Task description: Write out again, exactly as they appear, the lines from the start of the data below through the line with "蘇州市吳中區(qū)胥口鎮(zhèn)胥"; no pictures.

Records supplied:
▼▼▼

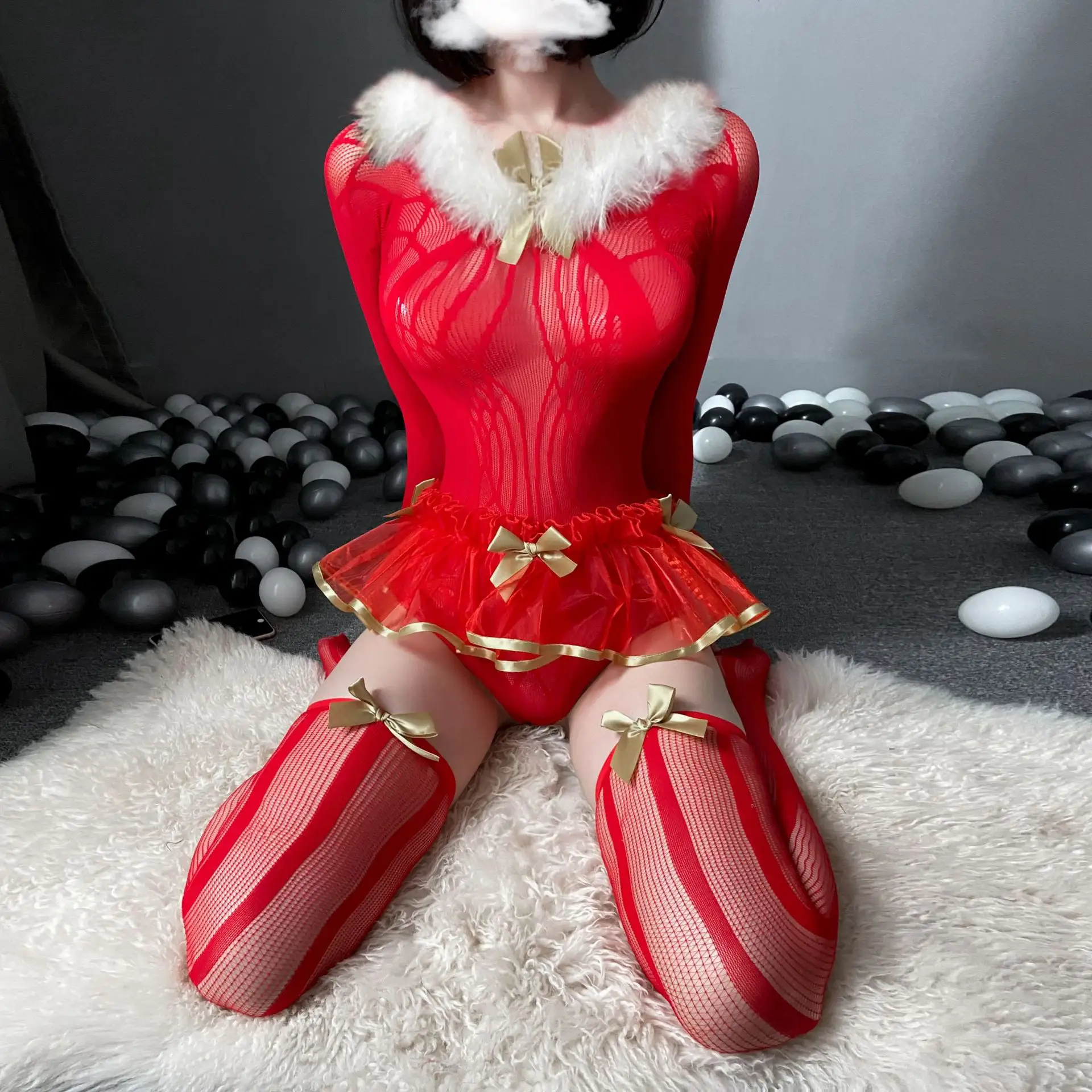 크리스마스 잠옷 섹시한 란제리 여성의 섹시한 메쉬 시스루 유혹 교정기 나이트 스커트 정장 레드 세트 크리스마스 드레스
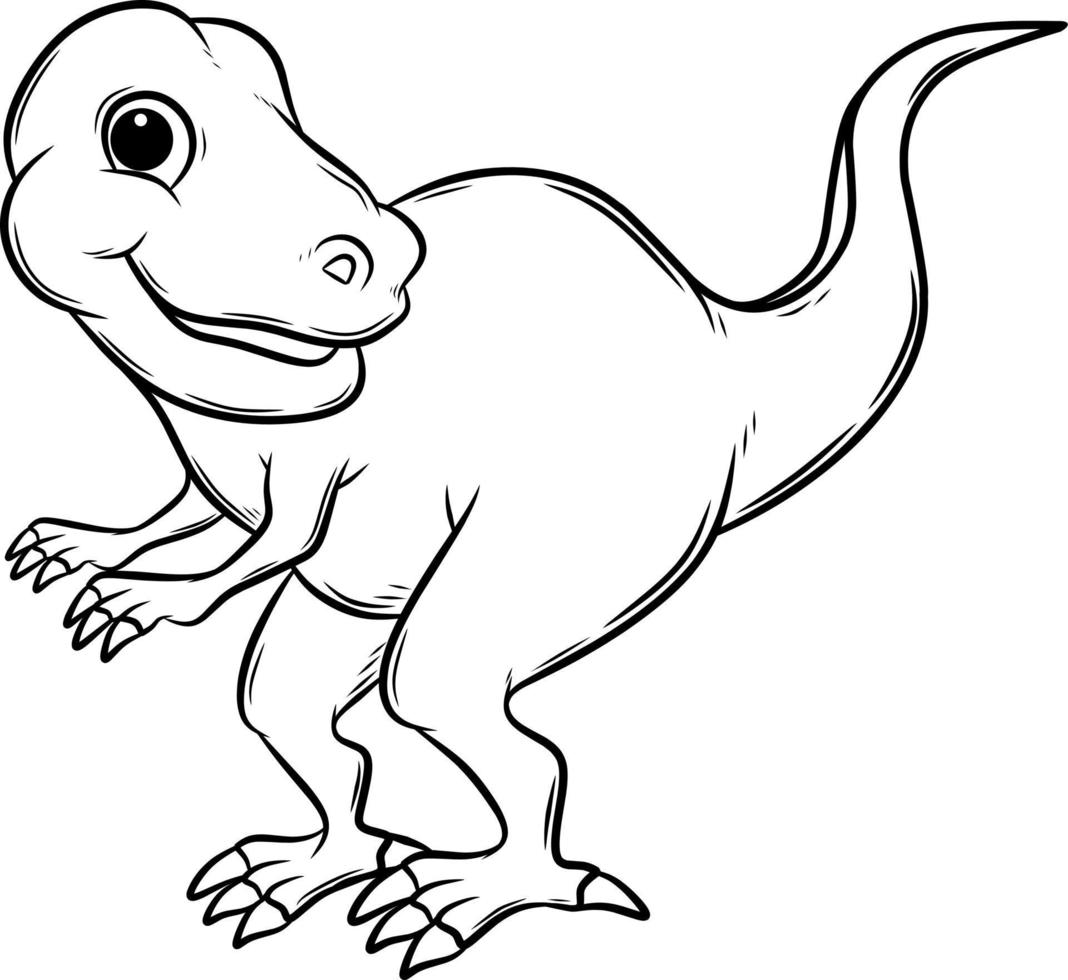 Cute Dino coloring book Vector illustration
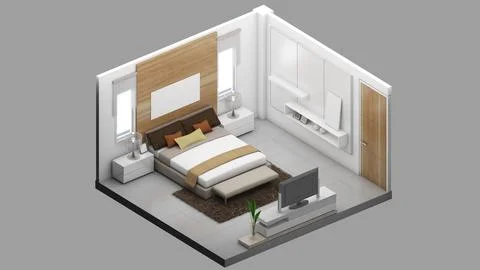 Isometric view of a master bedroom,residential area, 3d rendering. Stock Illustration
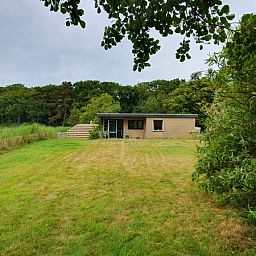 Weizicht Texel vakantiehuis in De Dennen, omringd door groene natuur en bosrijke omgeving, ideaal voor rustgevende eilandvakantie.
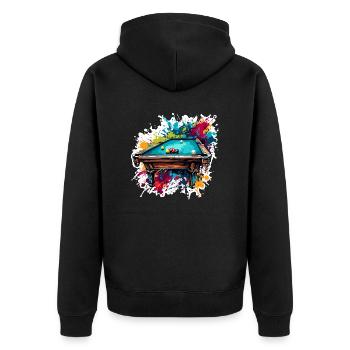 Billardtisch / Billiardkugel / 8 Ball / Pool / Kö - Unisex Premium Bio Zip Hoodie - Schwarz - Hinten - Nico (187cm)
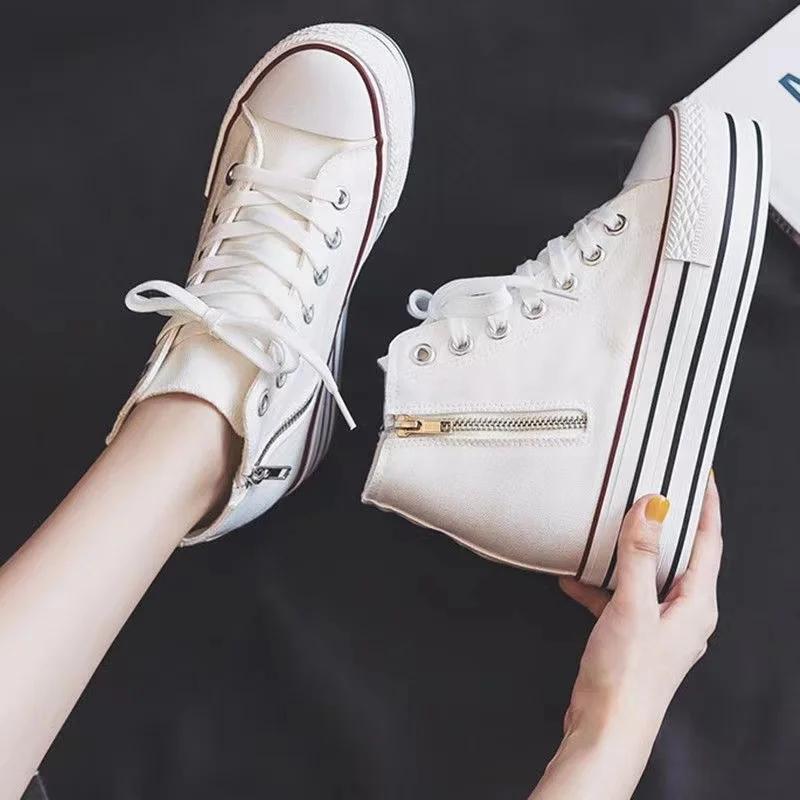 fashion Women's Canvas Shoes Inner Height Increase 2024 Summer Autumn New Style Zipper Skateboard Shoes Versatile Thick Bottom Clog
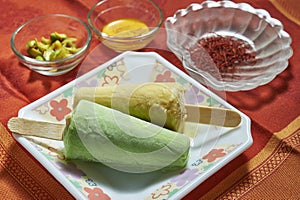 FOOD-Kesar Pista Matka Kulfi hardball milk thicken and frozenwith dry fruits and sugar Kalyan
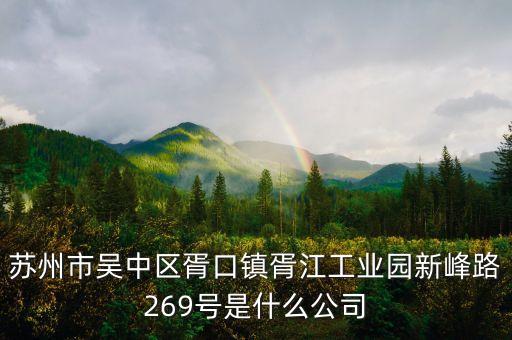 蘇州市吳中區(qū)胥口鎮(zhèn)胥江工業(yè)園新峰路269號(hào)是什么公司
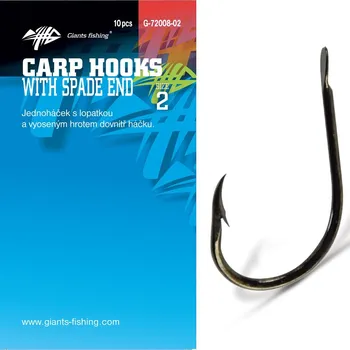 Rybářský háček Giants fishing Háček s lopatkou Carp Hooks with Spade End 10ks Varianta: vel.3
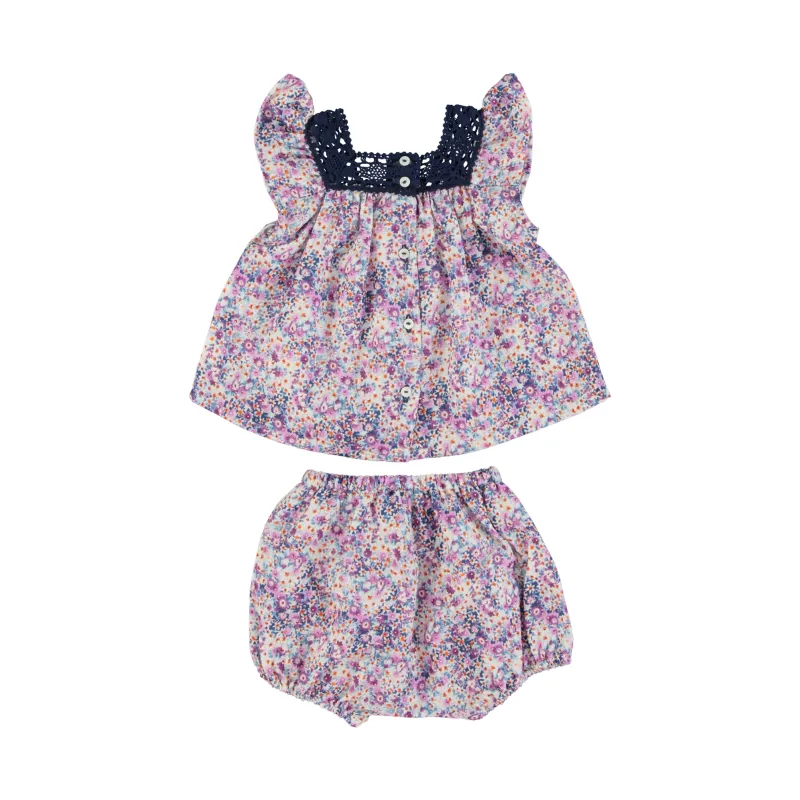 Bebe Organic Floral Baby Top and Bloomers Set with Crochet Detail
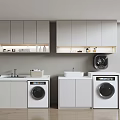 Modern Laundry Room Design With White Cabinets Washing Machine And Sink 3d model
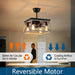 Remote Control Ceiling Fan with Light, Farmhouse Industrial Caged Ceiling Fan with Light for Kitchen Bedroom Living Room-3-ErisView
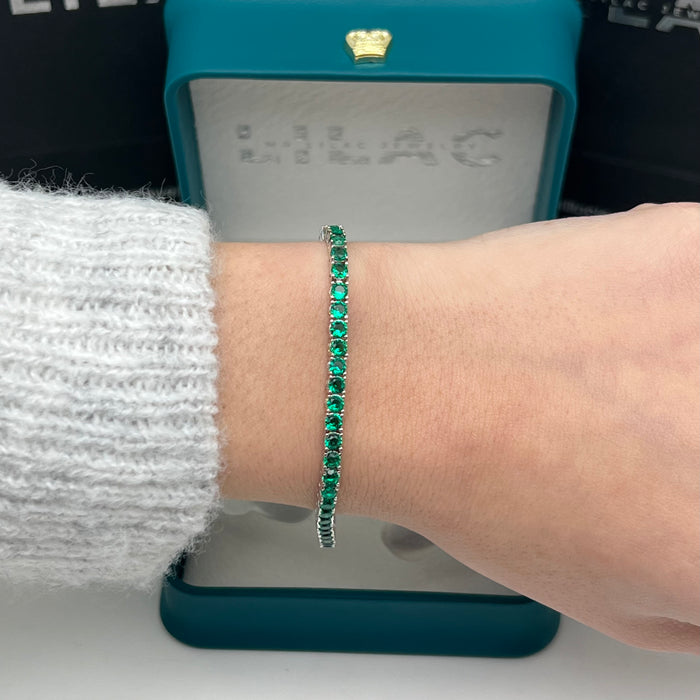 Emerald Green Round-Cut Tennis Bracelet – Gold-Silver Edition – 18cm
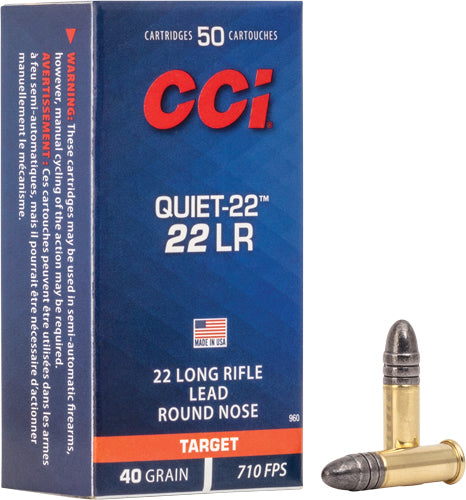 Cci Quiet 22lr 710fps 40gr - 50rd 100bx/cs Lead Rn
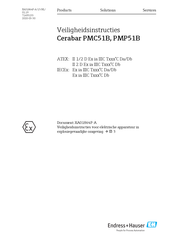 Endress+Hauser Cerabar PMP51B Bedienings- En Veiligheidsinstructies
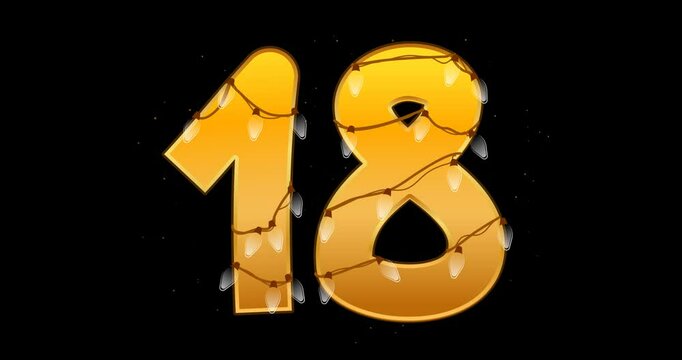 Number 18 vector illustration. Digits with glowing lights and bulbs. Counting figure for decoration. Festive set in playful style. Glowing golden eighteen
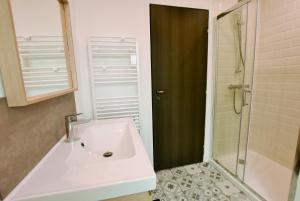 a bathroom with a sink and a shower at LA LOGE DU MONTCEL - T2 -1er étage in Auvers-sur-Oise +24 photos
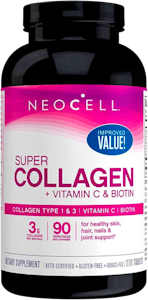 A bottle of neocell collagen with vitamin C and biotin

▲▲▲

Written reply:
 크리스마스 잠옷 섹시한 란제리 여성의 섹시한 메쉬 시스루 유혹 교정기 나이트 스커트 정장 레드 세트 크리스마스 드레스
 Cute Dino coloring book Vector illustration
 Isometric view of a master bedroom,residential area, 3d rendering. Stock Illustration
 Weizicht Texel vakantiehuis in De Dennen, omringd door groene natuur en bosrijke omgeving, ideaal voor rustgevende eilandvakantie.
 Billardtisch / Billiardkugel / 8 Ball / Pool / Kö - Unisex Premium Bio Zip Hoodie - Schwarz - Hinten - Nico (187cm)
 fashion Women's Canvas Shoes Inner Height Increase 2024 Summer Autumn New Style Zipper Skateboard Shoes Versatile Thick Bottom Clog
 FOOD-Kesar Pista Matka Kulfi hardball milk thicken and frozenwith dry fruits and sugar Kalyan
 蘇州市吳中區(qū)胥口鎮(zhèn)胥江工業(yè)園新峰路269號(hào)是什么公司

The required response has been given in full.